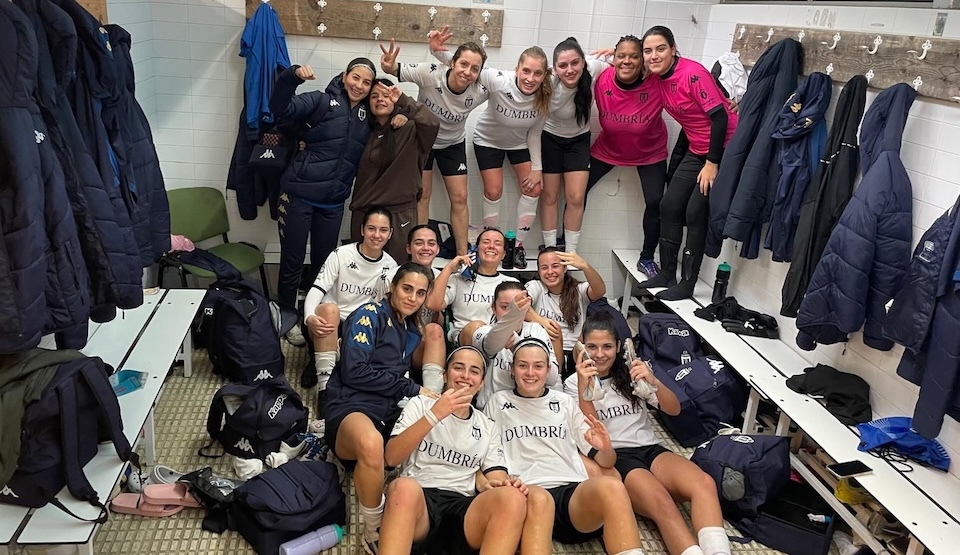 CF DUmbria FEm celebra vitoria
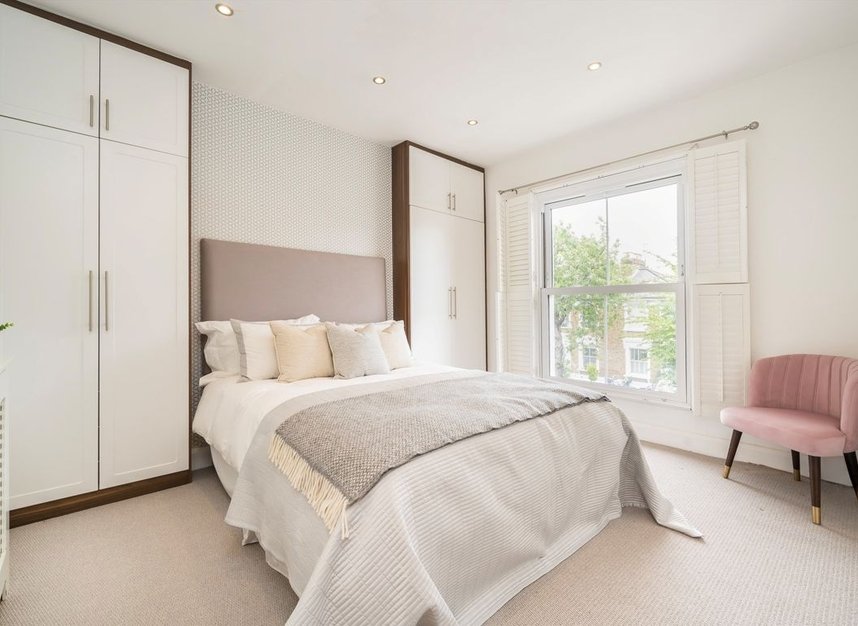 Properties for sale in Cambridge Road North - W4 4AA view5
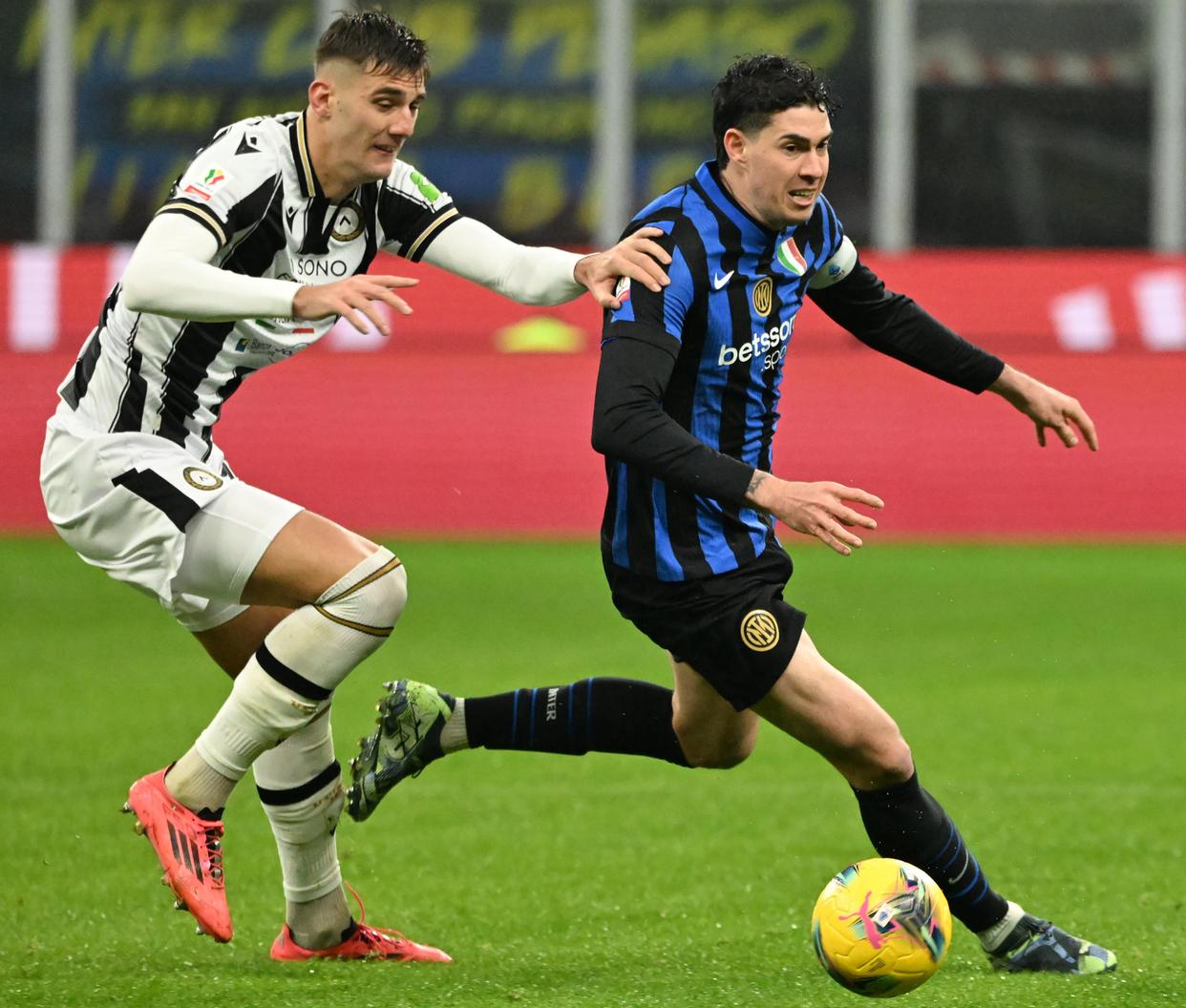 乌迪内斯球员面对挑战,期待获胜的简单介绍 乌迪内斯球员面对挑战,期待获胜的简单介绍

→ What the task requires:
When you find the line that contains "Properties for sale", retype it and every line after it through the end of the data above, exactly, with no pictures.

→ Result of the task:
 Properties for sale in Cambridge Road North - W4 4AA view5
 乌迪内斯球员面对挑战,期待获胜的简单介绍 乌迪内斯球员面对挑战,期待获胜的简单介绍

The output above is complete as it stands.